Spira (Michel David Pires Spencer) tem 18 anos e volta ao bairro da Reboleira em que nasceu após ter passado oito numa casa de correção. Encontra as casas a serem demolidas pela Câmara Municipal, os moradores crispados uns com os outros, os amigos entregues ao tráfico de droga e à pequena delinquência, e os dois irmãos que eram bebés quando se foi embora, já crescidos e a viverem com a madrasta na mesma casa precária que era do pai dele, mas de que esta se apropriou. Em “O Fim do Mundo”, a sua segunda longa-metragem (que remete em tema e ambiente para a curta “Nuvem Negra”, de 2014), o luso-suíço Basil da Cunha filma o bairro em que passou a adolescência e conhece bem, pelo olhos de Spira.
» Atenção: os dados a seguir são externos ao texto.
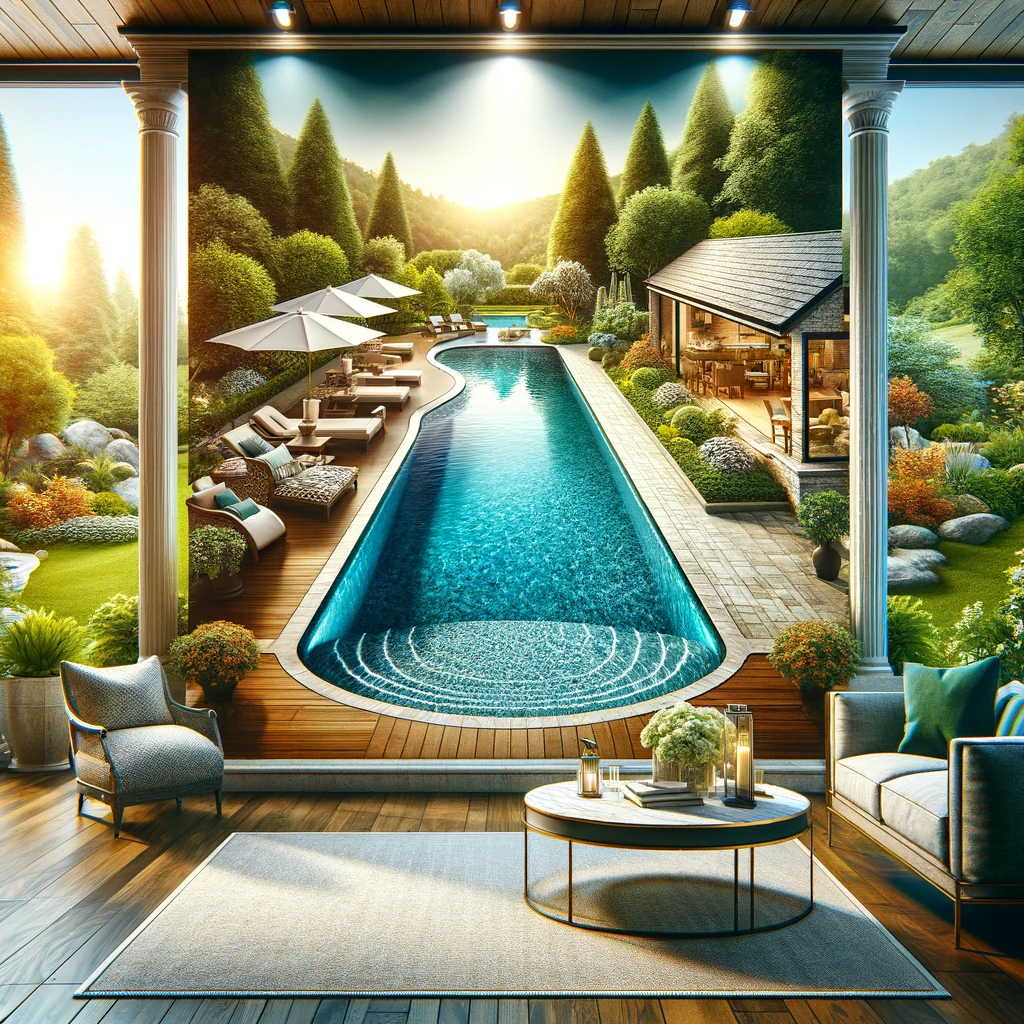 Advertisement poster showing a luxurious backyard pool with a Merlin pool liner, surrounded by lush greenery, depicting a serene, private oasis.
O rapaz constata as mudanças em tudo o que o rodeia, vê-se espancado e ameaçado de morte por um traficante local, apaixona-se por uma rapariga que afinal já é mãe solteira, e para onde quer que se vire, não encontra perspetivas de futuro, para si nem para ninguém. É o retrato limitado, mas sincero, da desesperança resignada de uma geração, um filme que recusa o miserabilismo mendicante e a pose da revolta, e em que o realizador pôs em cena gente do próprio bairro.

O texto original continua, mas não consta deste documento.